This year’s matric examination has the largest number of candidates in the province in the past six years, with more than 201 000 full-time and part-time candidates sitting for the exams.
Zikalala was joined by the provincial MEC for Education Kwazi Mshengu yesterday when he visited Umlazi Commercial High School to monitor the progress of the National Senior Certificate examinations in the Umlazi District.
The visit follows concerns of possible disruptions of examinations since the implementation of load shedding by Eskom. Another concern was that community members who were unhappy with the recent election outcomes might want to disrupt examinations, namely in Pietermaritzburg and uMkhanyakude.
“So far we have received positive news of exam outcomes. It is disturbing when communities use matric examinations to display their frustrations with local government elections,” said Zikalala.
Zikalala said despite the current Grade 12 pupils having experienced difficulties, he was confident that they would still do well.
Speaking on load shedding, Mshengu said generators had been provided for some of the 1 700 exam centres for subjects such as computer studies.
“We must commend teachers that have been able to continue despite the disruptions.”
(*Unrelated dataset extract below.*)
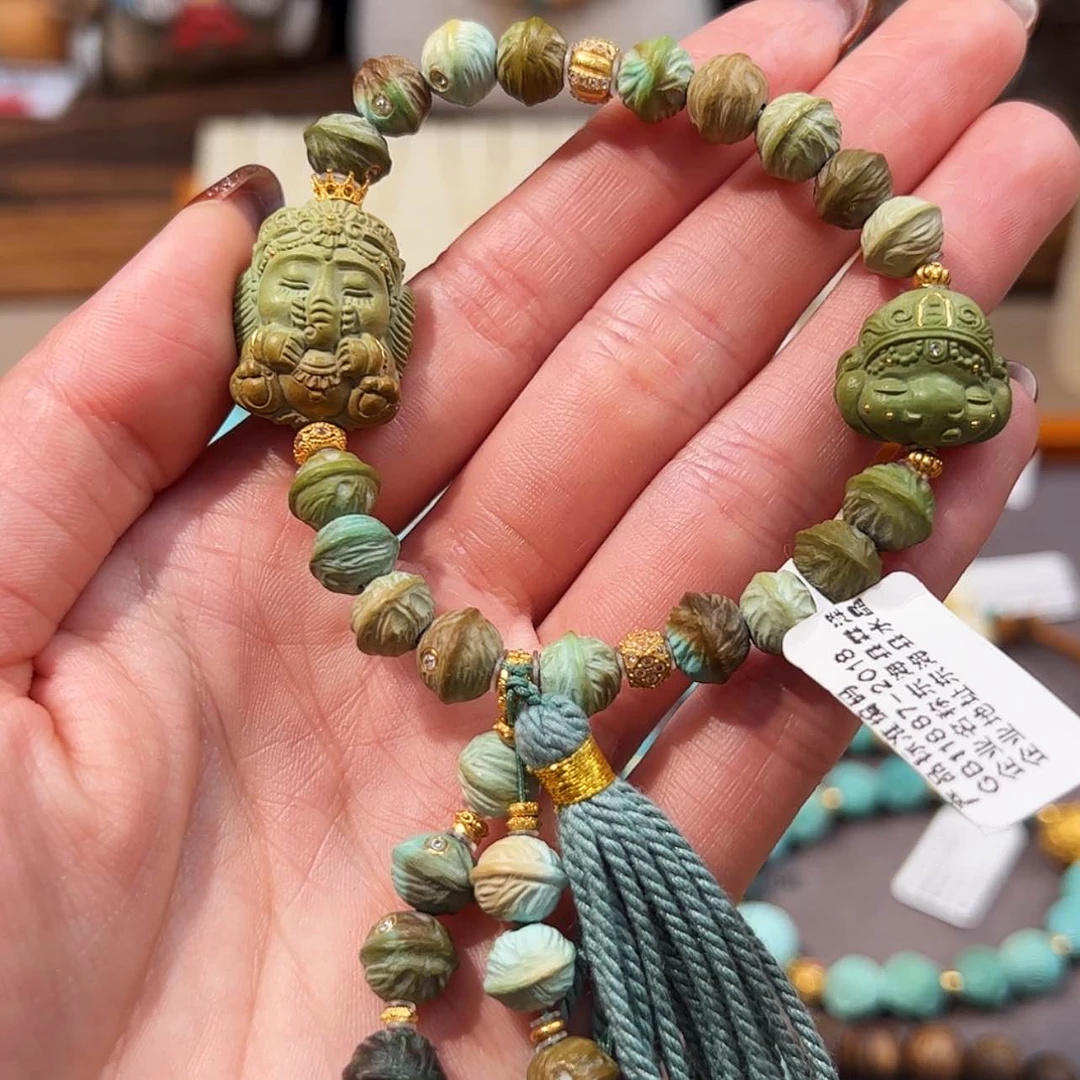 【闪购商品】18K金镶嵌绿松石手链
Regarding the community issues, Mshengu said: “There are platforms to address being disgruntled as members of the community without affecting the future of matric pupils.”
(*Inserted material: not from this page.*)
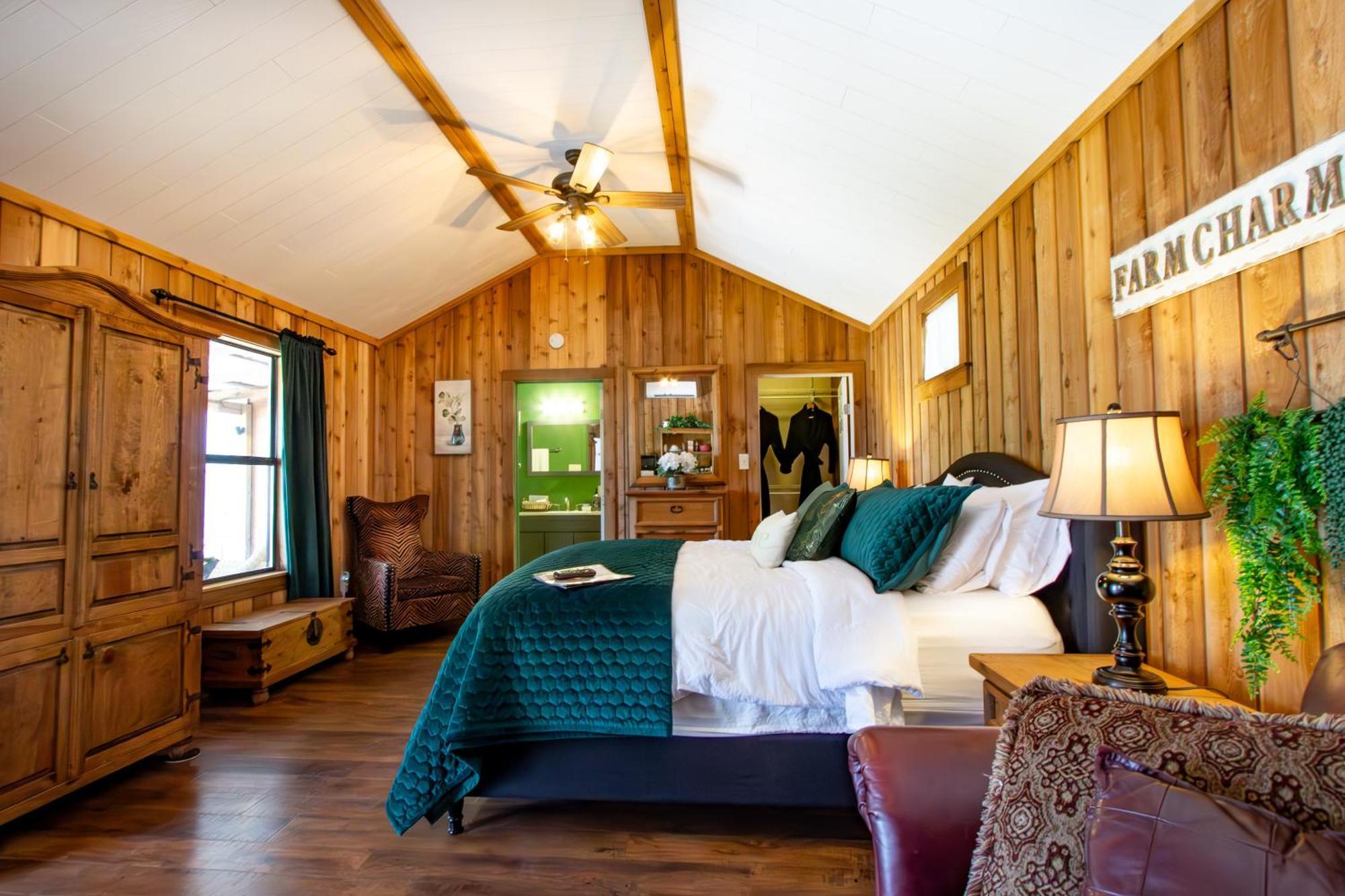 Bed and Breakfast A Barn At The Quarry à Fredericksburg Extérieur photo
Principal of Umlazi Commercial High School, Nkanyiso Dlamini, said the biggest challenge had been the curriculum gap between Grade 11 in 2020 and the matric year 2021, and teachers had the challenge of closing the gap between the two grades.
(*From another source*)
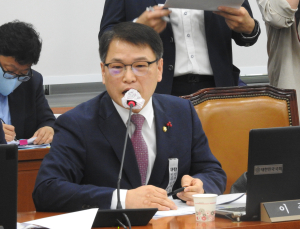 [2020 국감] “삼성서울병원서 추미애 아들 2개월 만에 수술, 청탁 아니냐”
“It was a lot of work for our learners in a very short space of time. The revision classes which normally take place after 6pm have also been disrupted by the power outages, and it was not safe for learners and the teachers to be at the school. The new challenge is still having to squeeze a lot of work into a short space of time,” said Dlamini.
Bhekisisile Ngobese, deputy principal and invigilator at Umlazi Commercial, said they had been disappointed that during elections there were no power outages, but it was allowed to continue during the exams.
“It gives us a bad impression that some do not care about such a delicate and critical time for the learners and their future.”
The national Department of Basic Education met with Eskom yesterday to discuss load shedding and exams, and how load shedding schedules could be set with exam preparation in mind.
Elijah Mhlanga, spokesperson for the Basic Education department, said the meeting dealt with a series of proposals as the department was concerned that power cuts had affected matriculants, leading up to their exams. “We are not at liberty to discuss the proposals right now. We will share the details of the engagement after the meeting.”